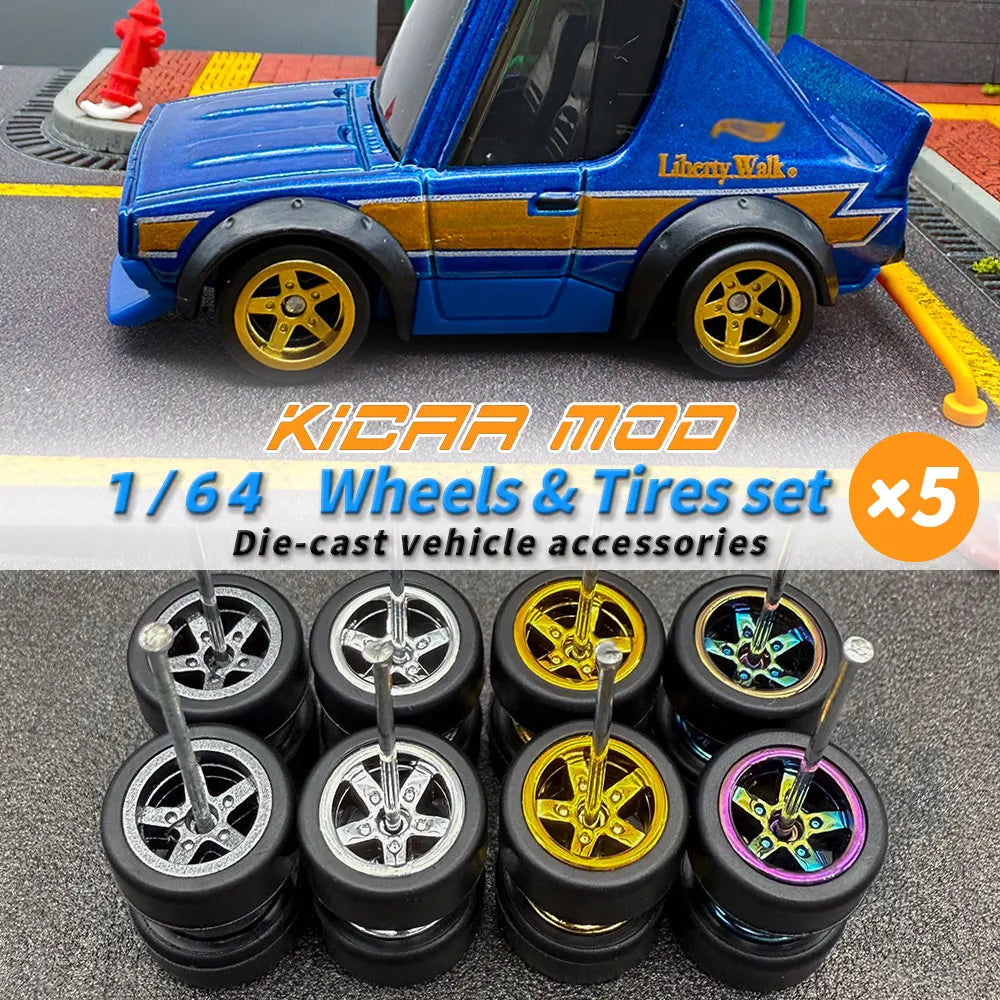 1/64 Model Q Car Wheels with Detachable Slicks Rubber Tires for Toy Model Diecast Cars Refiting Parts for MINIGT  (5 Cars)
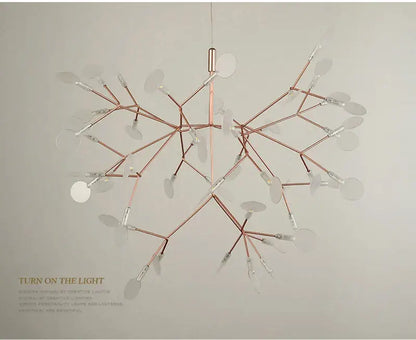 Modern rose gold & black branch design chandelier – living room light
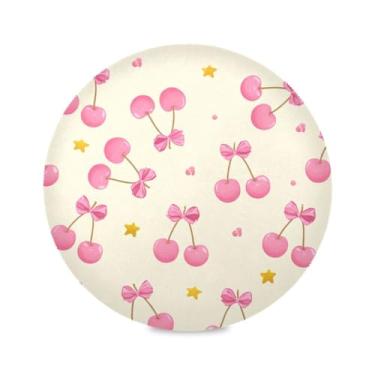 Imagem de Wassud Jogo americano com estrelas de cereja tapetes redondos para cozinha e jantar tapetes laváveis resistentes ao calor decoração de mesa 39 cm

Aim of the exercise: Only the lines starting at the one that holds "Modern rose gold" and ending at the last line of the data belong in your answer. Please set them down exactly and omit the pictures.

The answer:
 Modern rose gold & black branch design chandelier – living room light
 Imagem de Wassud Jogo americano com estrelas de cereja tapetes redondos para cozinha e jantar tapetes laváveis resistentes ao calor decoração de mesa 39 cm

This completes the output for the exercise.